Task to complete:
Print the records below exactly, from the line containing "Before we get" down to the line containing "If you guys", both lines included, and omit every picture.

Records for the task:
********************
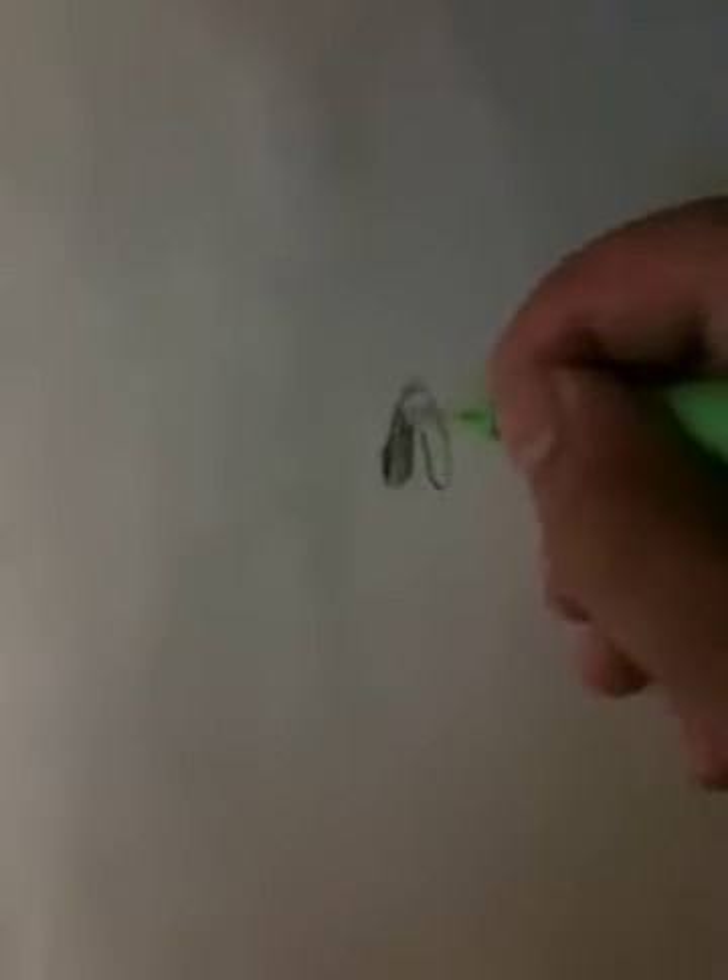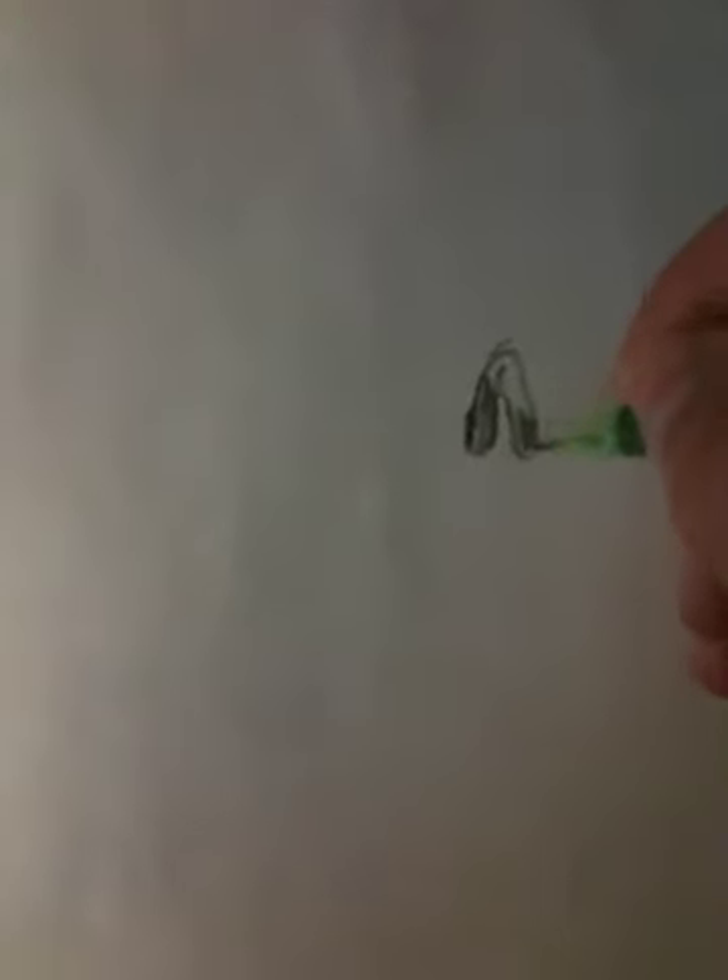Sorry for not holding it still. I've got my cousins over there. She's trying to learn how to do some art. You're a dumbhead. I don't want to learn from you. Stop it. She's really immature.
********************
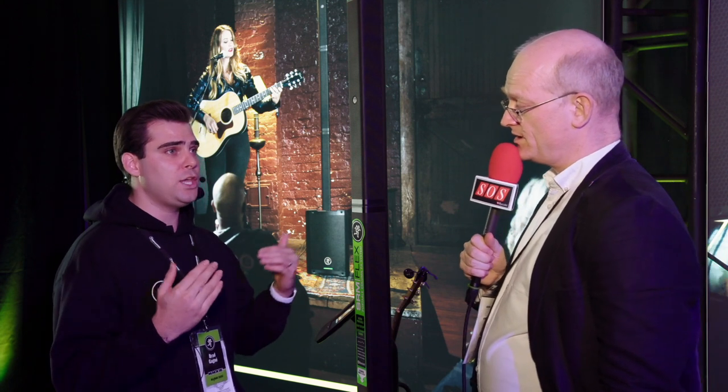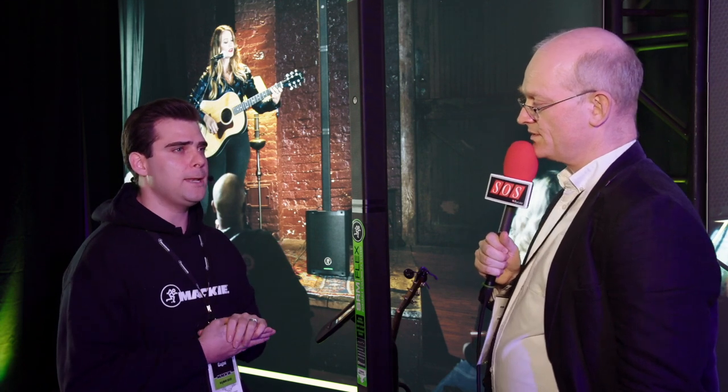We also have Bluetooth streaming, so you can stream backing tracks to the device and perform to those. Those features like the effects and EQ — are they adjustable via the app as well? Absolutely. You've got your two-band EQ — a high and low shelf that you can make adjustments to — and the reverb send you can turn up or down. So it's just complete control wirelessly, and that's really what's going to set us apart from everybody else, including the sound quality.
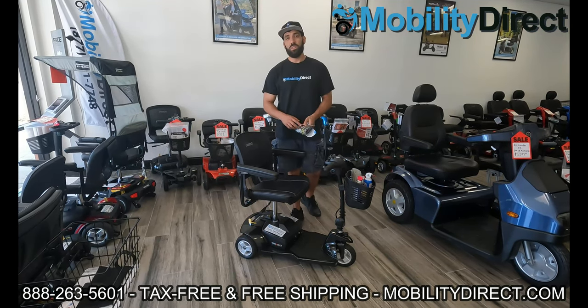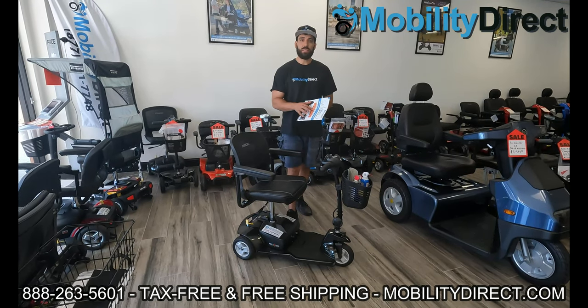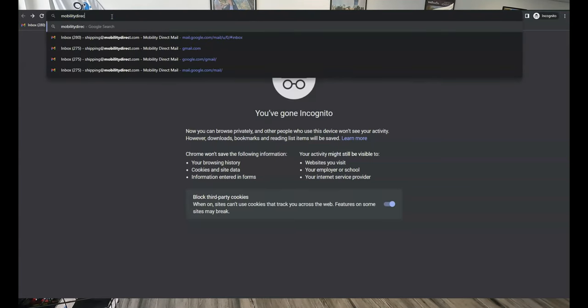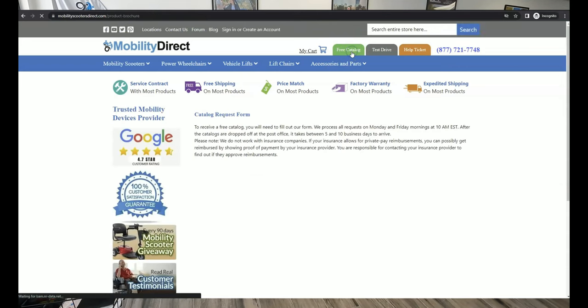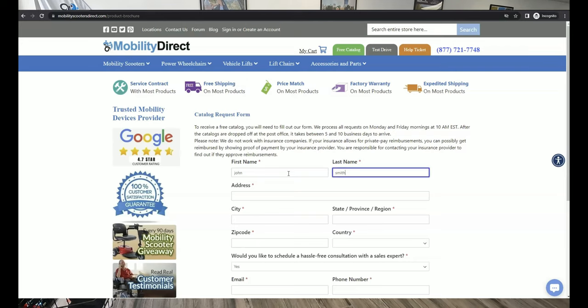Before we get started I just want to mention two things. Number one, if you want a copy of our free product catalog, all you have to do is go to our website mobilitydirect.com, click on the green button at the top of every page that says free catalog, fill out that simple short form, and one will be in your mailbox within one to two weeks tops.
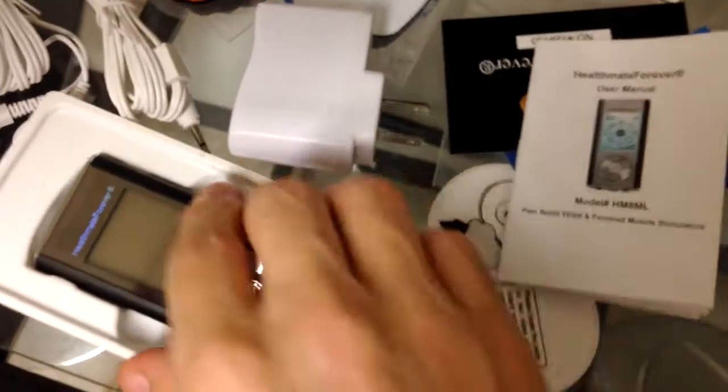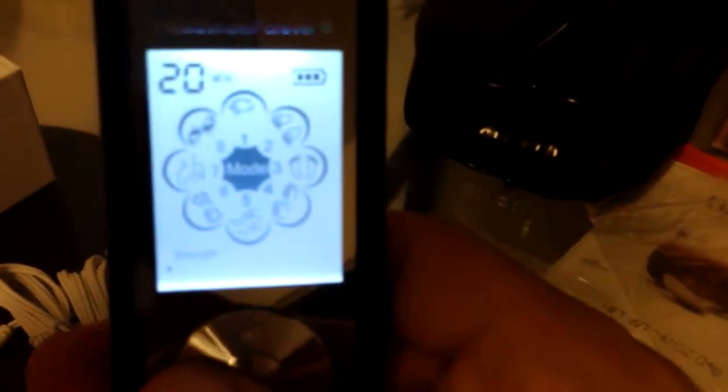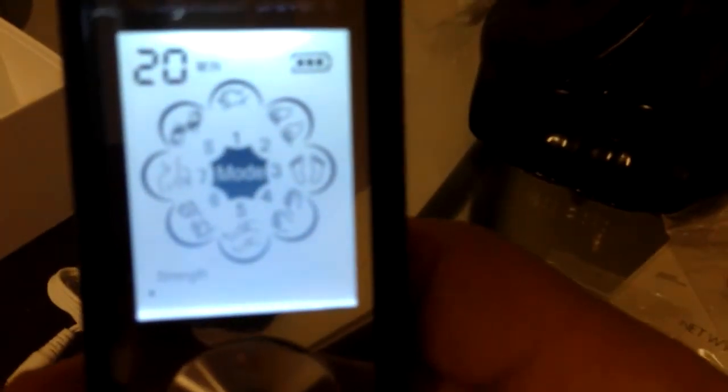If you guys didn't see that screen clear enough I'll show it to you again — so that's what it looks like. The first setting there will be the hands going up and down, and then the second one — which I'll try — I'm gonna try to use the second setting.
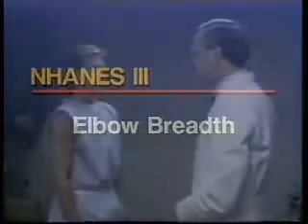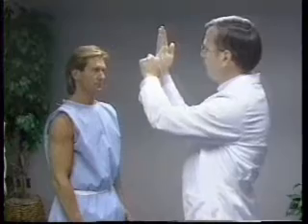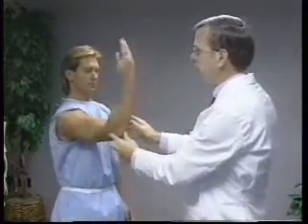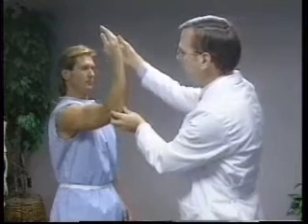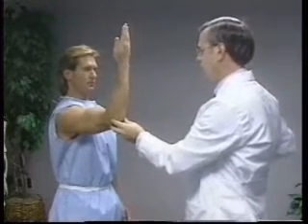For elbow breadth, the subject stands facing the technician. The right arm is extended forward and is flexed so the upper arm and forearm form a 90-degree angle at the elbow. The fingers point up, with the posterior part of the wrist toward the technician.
********************
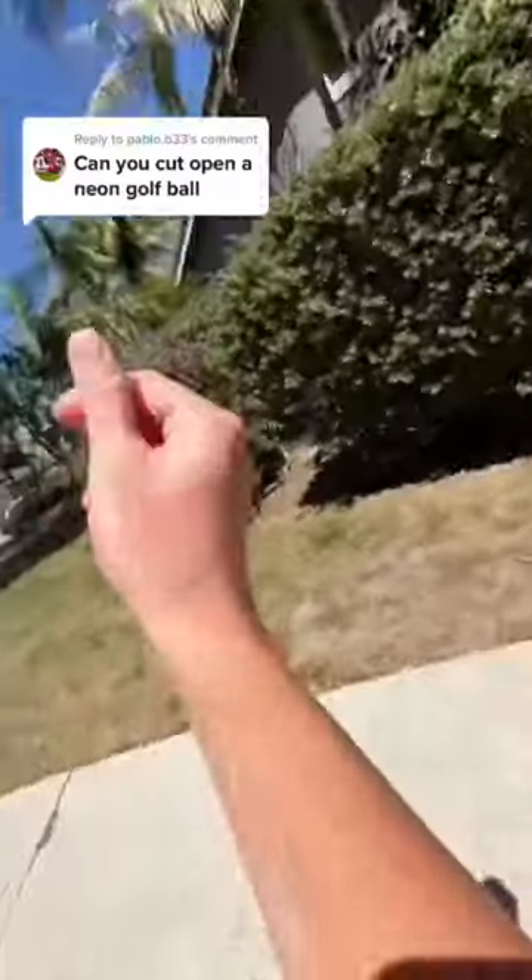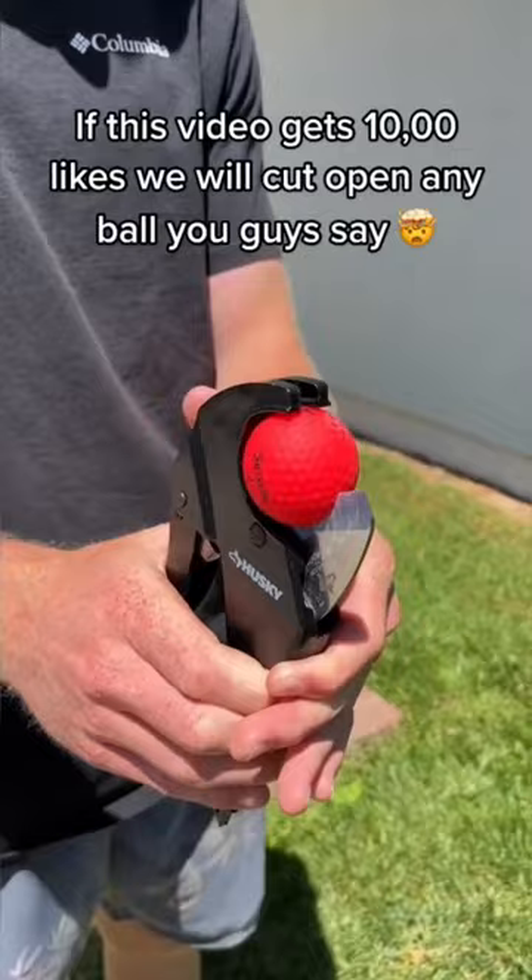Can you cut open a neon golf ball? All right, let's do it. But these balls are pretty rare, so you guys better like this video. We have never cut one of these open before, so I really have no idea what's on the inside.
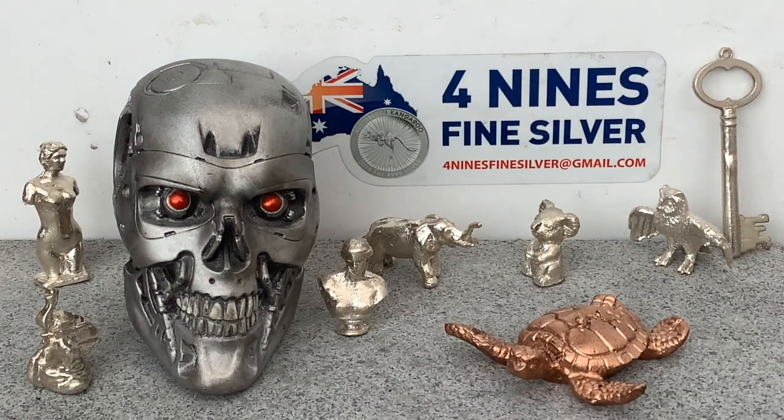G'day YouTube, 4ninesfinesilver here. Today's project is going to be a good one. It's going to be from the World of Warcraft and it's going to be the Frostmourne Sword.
********************
Output of the exercise:
Before we get started I just want to mention two things. Number one, if you want a copy of our free product catalog, all you have to do is go to our website mobilitydirect.com, click on the green button at the top of every page that says free catalog, fill out that simple short form, and one will be in your mailbox within one to two weeks tops.
If you guys didn't see that screen clear enough I'll show it to you again — so that's what it looks like. The first setting there will be the hands going up and down, and then the second one — which I'll try — I'm gonna try to use the second setting.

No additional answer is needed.